### PROBLEM STATEMENT
Please, without any pictures, set down exactly the part of the listing below that opens with the line containing "Janine Design Bettwäsche-Garnitur" and closes with the line containing "Olive Green Tribal Afghan Zeigler Rug".

### INFORMATION GIVEN
──────────────────────────────
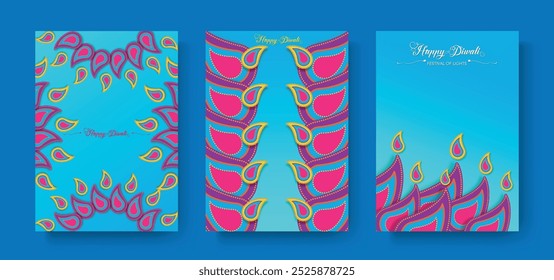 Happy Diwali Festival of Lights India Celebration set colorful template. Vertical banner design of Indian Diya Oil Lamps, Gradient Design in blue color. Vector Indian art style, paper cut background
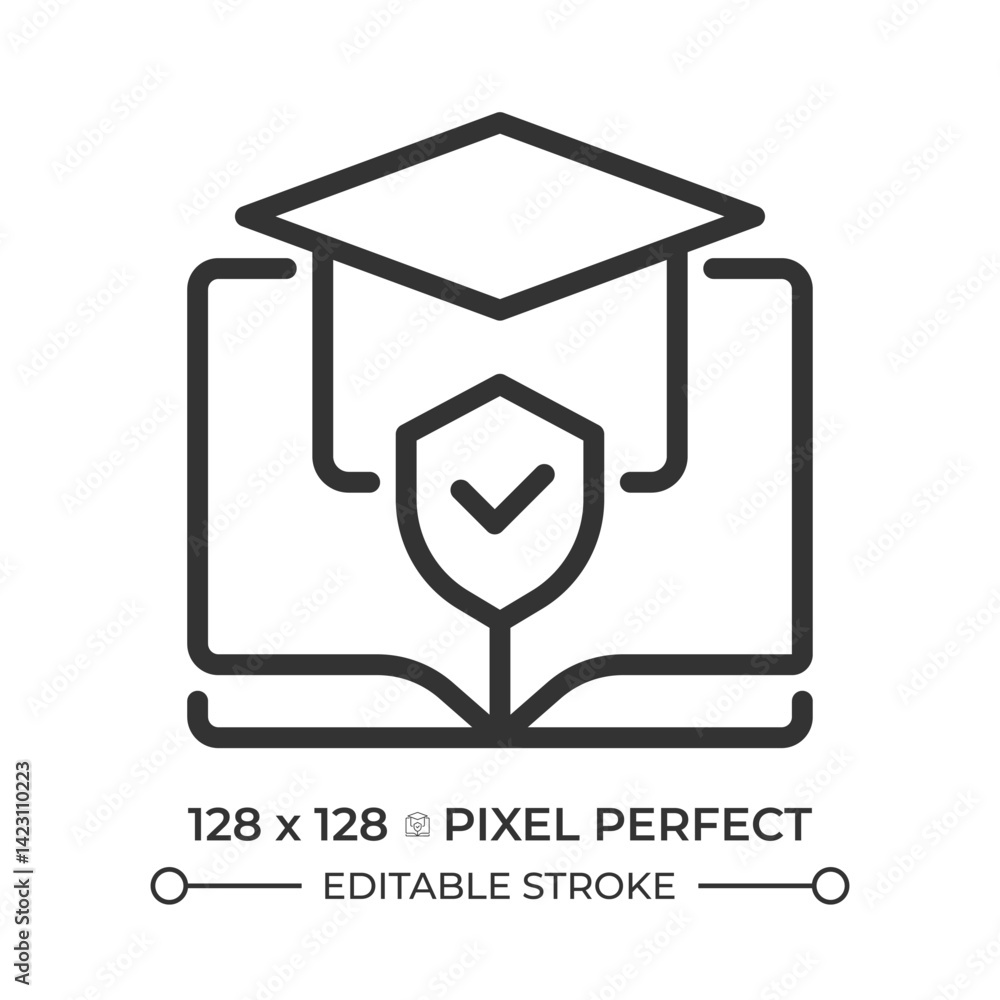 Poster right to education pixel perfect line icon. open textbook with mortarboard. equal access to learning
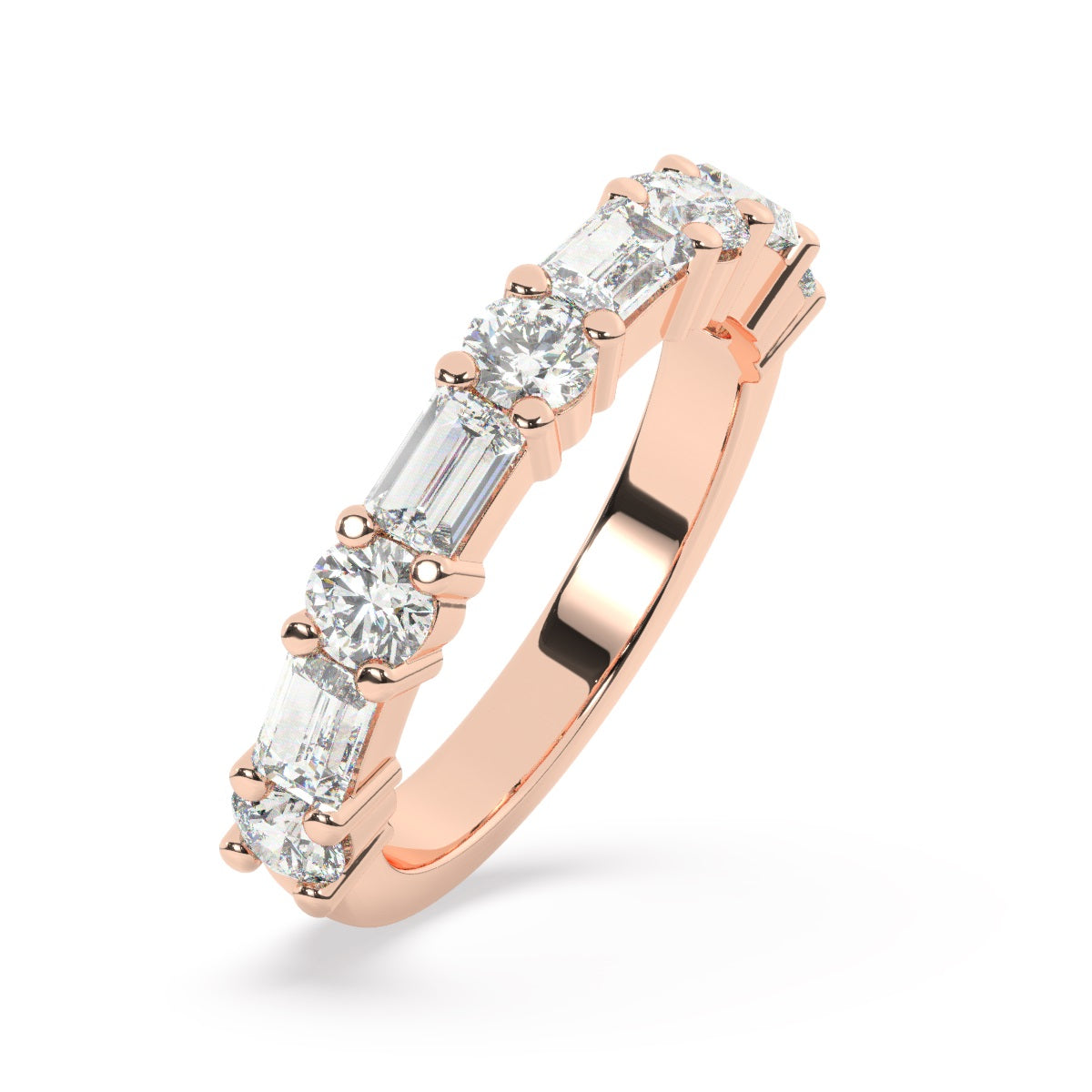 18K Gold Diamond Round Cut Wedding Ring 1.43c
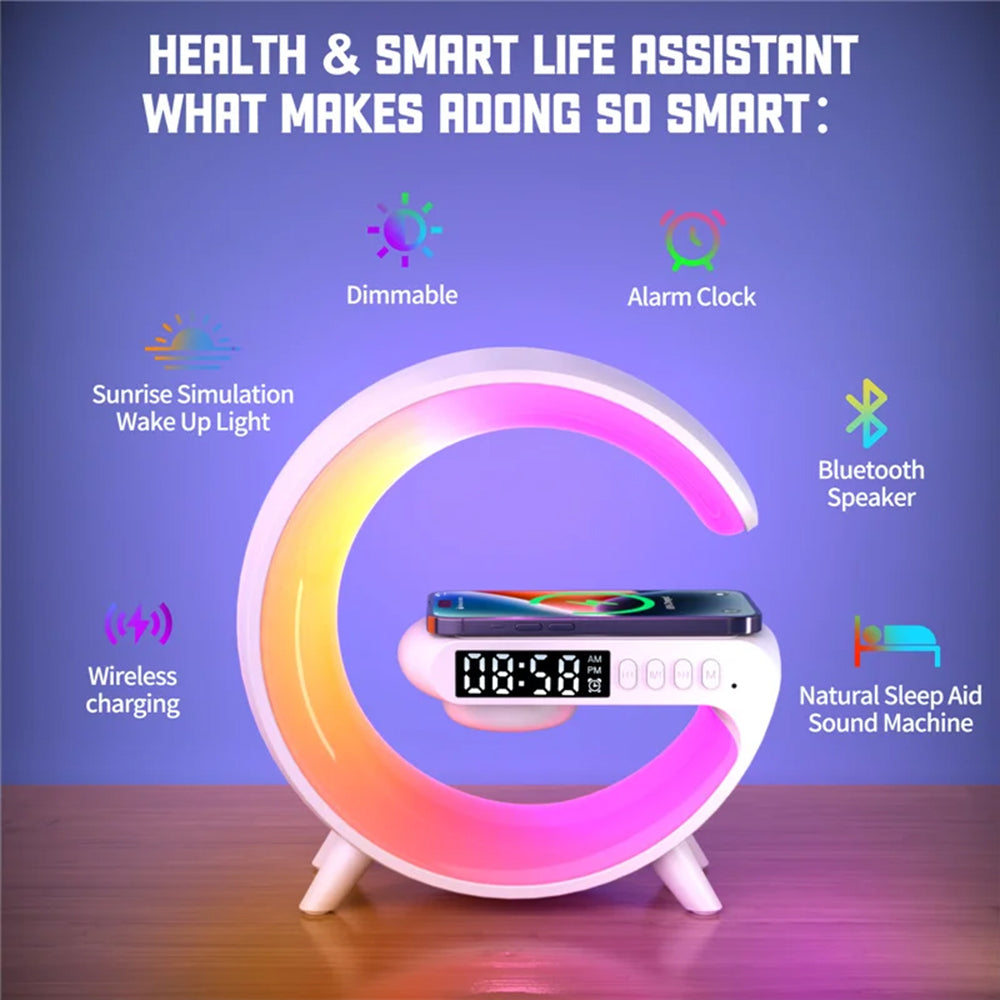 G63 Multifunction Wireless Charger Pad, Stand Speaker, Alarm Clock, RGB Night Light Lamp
──────────────────────────────
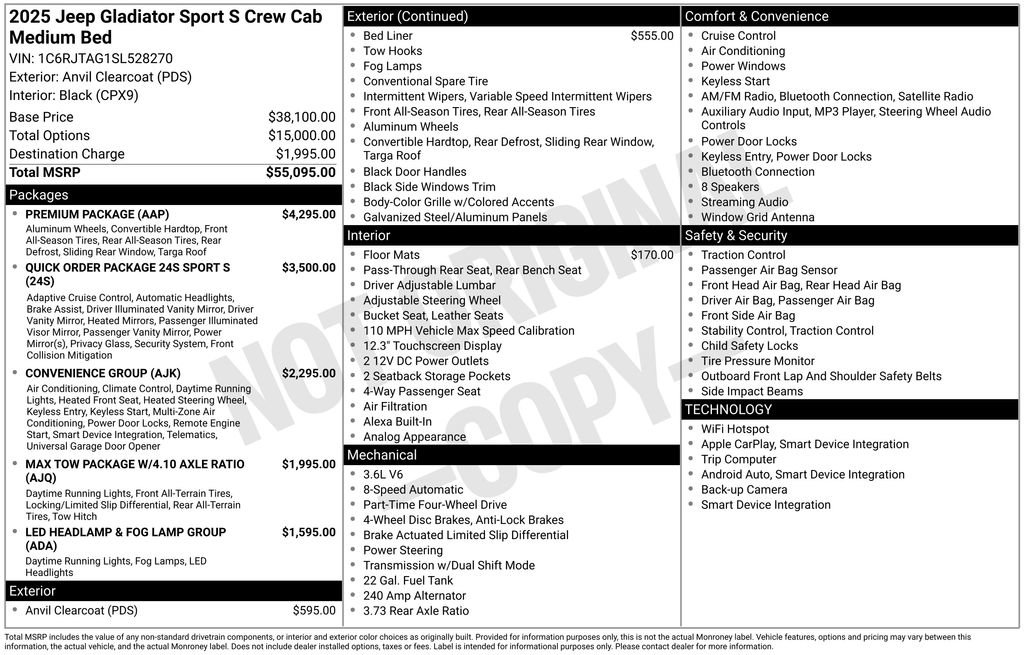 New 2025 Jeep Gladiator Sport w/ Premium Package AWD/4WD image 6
──────────────────────────────
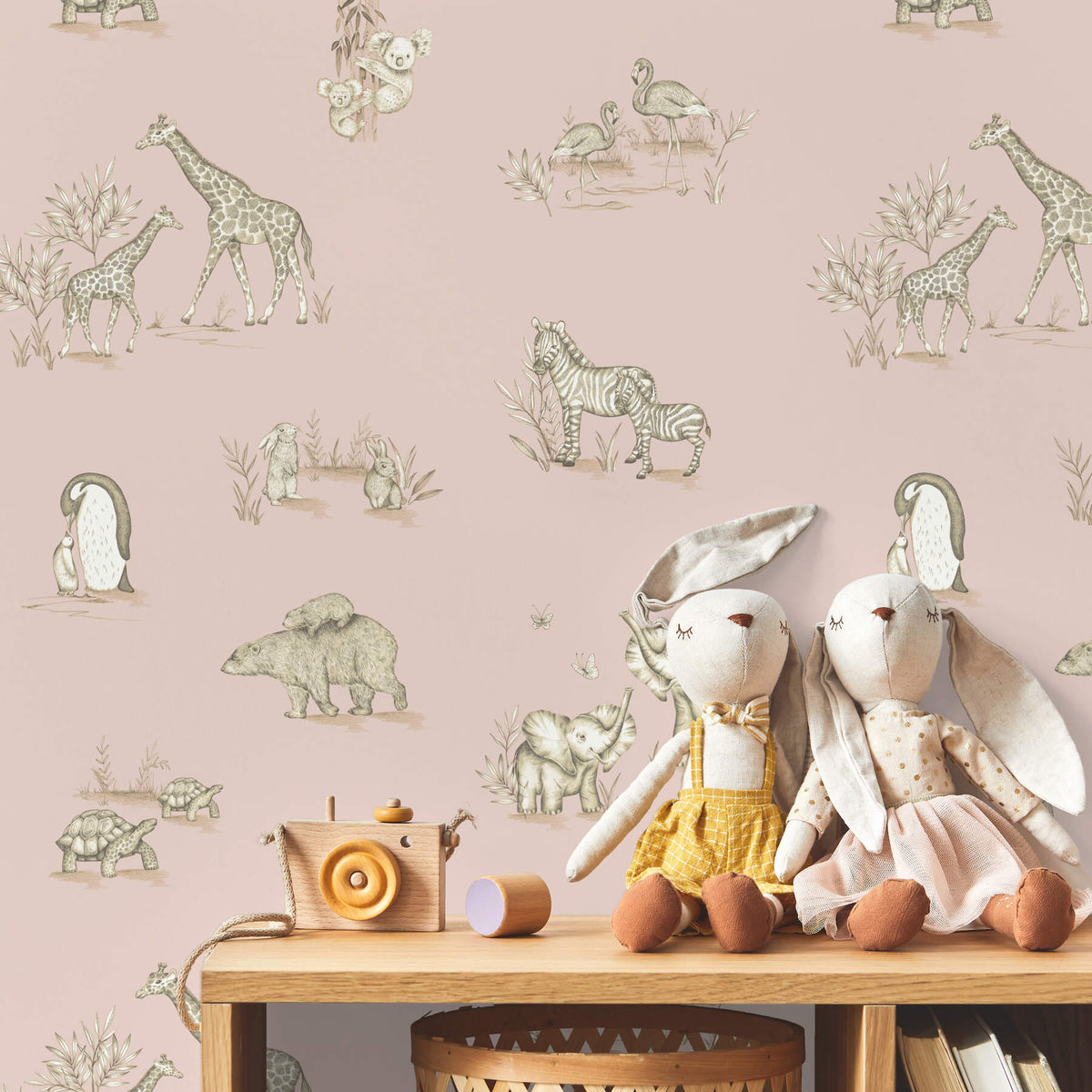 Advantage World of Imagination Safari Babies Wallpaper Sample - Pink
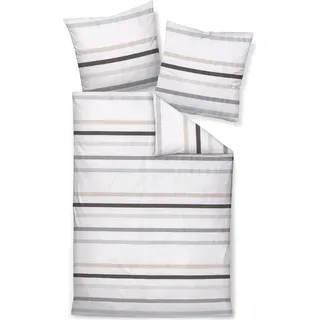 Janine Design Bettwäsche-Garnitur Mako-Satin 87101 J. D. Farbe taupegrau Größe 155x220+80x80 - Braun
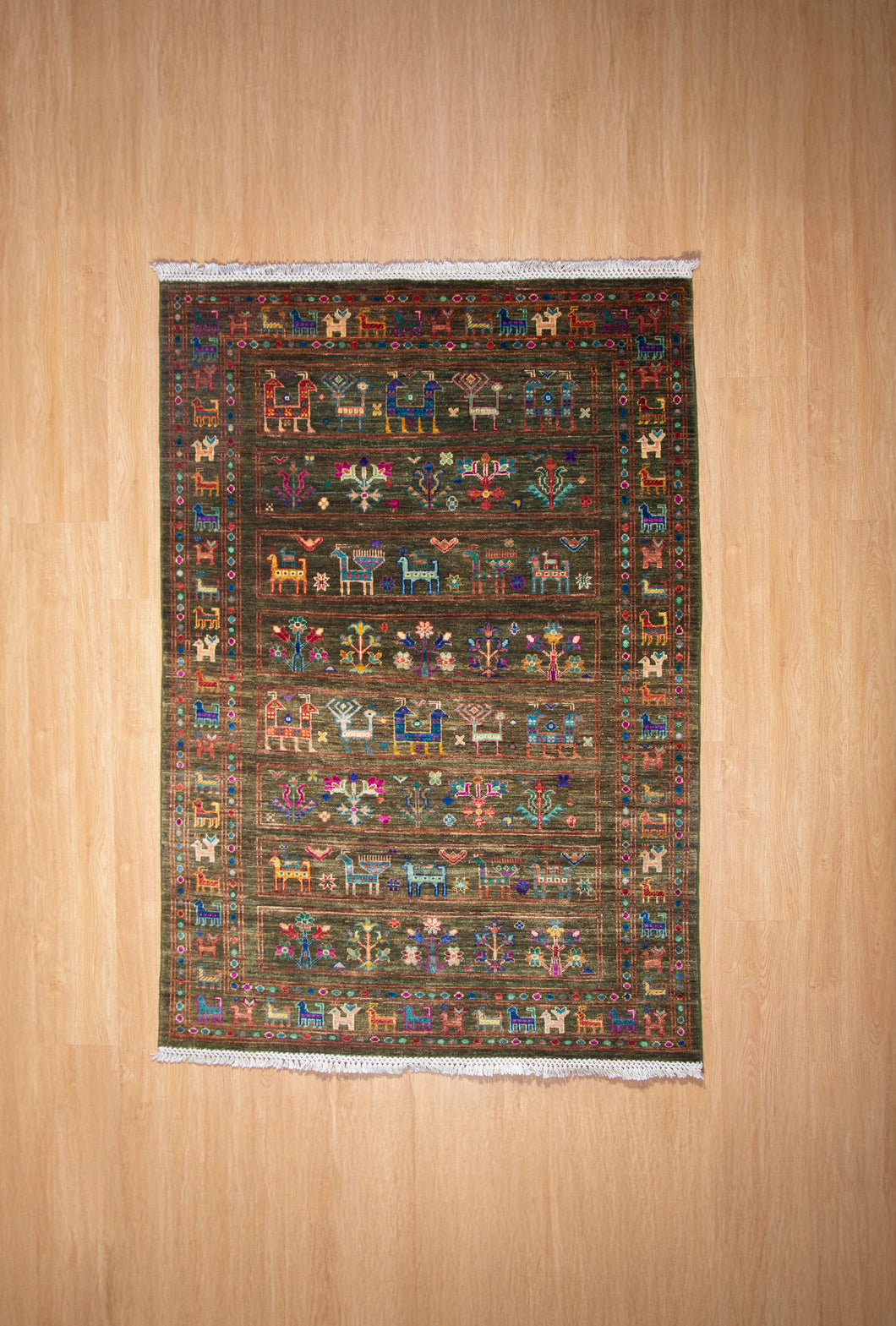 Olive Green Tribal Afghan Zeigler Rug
──────────────────────────────
### ANSWER BELOW
 Janine Design Bettwäsche-Garnitur Mako-Satin 87101 J. D. Farbe taupegrau Größe 155x220+80x80 - Braun
 Olive Green Tribal Afghan Zeigler Rug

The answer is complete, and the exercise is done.